Nothing but the lines from the one containing "The BEST Marvel" through the end of the material should be restated, and each exactly.

BEGIN PROVIDED RECORDS

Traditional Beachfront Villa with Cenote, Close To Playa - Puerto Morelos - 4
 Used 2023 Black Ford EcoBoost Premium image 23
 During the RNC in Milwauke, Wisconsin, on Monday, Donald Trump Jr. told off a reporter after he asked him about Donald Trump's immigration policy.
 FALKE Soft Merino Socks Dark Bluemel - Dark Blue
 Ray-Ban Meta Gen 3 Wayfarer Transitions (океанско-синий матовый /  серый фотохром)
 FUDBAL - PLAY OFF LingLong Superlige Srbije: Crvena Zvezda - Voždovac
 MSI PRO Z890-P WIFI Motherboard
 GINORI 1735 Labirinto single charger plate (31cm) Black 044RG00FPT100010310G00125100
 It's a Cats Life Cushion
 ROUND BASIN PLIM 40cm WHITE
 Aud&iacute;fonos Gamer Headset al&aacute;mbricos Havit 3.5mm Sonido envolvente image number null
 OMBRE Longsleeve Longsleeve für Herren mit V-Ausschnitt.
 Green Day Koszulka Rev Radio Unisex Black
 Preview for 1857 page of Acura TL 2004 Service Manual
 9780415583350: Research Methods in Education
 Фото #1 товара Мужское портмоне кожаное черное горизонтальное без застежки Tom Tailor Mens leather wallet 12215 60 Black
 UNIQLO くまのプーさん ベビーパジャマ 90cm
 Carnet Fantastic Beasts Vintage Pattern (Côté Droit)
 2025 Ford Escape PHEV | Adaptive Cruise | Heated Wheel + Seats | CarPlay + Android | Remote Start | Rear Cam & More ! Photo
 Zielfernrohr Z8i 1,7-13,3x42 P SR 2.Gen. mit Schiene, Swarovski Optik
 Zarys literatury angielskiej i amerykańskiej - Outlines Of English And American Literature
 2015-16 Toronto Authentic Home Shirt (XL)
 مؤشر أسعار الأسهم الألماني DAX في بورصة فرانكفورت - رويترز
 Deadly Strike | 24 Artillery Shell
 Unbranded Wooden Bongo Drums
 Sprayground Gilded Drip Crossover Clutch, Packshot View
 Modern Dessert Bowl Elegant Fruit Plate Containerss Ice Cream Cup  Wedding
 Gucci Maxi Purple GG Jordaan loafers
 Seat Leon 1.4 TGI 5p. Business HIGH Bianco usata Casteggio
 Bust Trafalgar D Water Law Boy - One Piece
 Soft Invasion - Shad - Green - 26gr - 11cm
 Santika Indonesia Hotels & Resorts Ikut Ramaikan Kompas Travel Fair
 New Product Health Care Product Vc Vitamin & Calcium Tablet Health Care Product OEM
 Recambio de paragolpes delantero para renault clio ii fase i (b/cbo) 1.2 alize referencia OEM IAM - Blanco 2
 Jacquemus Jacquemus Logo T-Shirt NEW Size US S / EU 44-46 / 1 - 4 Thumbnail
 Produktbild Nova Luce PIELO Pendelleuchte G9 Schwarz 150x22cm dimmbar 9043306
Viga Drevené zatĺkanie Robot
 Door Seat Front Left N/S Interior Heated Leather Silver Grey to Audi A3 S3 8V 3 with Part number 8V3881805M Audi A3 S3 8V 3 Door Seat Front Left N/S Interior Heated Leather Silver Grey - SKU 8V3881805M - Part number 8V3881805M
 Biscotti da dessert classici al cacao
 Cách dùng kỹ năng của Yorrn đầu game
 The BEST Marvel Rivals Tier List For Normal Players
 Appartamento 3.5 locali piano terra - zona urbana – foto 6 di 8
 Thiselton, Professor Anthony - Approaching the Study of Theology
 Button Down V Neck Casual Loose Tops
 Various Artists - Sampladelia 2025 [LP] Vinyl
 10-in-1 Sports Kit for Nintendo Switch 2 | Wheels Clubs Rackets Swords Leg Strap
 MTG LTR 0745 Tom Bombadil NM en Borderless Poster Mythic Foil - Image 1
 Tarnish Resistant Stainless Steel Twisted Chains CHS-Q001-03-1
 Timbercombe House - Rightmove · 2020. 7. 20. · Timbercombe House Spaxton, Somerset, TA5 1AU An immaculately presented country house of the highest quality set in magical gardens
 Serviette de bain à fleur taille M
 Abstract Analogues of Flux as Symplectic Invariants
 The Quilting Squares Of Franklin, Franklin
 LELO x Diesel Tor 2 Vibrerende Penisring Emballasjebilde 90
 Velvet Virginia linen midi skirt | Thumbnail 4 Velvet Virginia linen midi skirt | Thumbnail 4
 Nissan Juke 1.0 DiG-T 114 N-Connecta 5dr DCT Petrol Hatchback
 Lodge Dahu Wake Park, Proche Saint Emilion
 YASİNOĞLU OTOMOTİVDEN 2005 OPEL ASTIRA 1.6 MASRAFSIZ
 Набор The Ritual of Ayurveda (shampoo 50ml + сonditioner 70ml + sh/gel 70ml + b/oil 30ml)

END PROVIDED RECORDS

▶ [REPLY TO THE EXERCISE]
 The BEST Marvel Rivals Tier List For Normal Players
 Appartamento 3.5 locali piano terra - zona urbana – foto 6 di 8
 Thiselton, Professor Anthony - Approaching the Study of Theology
 Button Down V Neck Casual Loose Tops
 Various Artists - Sampladelia 2025 [LP] Vinyl
 10-in-1 Sports Kit for Nintendo Switch 2 | Wheels Clubs Rackets Swords Leg Strap
 MTG LTR 0745 Tom Bombadil NM en Borderless Poster Mythic Foil - Image 1
 Tarnish Resistant Stainless Steel Twisted Chains CHS-Q001-03-1
 Timbercombe House - Rightmove · 2020. 7. 20. · Timbercombe House Spaxton, Somerset, TA5 1AU An immaculately presented country house of the highest quality set in magical gardens
 Serviette de bain à fleur taille M
 Abstract Analogues of Flux as Symplectic Invariants
 The Quilting Squares Of Franklin, Franklin
 LELO x Diesel Tor 2 Vibrerende Penisring Emballasjebilde 90
 Velvet Virginia linen midi skirt | Thumbnail 4 Velvet Virginia linen midi skirt | Thumbnail 4
 Nissan Juke 1.0 DiG-T 114 N-Connecta 5dr DCT Petrol Hatchback
 Lodge Dahu Wake Park, Proche Saint Emilion
 YASİNOĞLU OTOMOTİVDEN 2005 OPEL ASTIRA 1.6 MASRAFSIZ
 Набор The Ritual of Ayurveda (shampoo 50ml + сonditioner 70ml + sh/gel 70ml + b/oil 30ml)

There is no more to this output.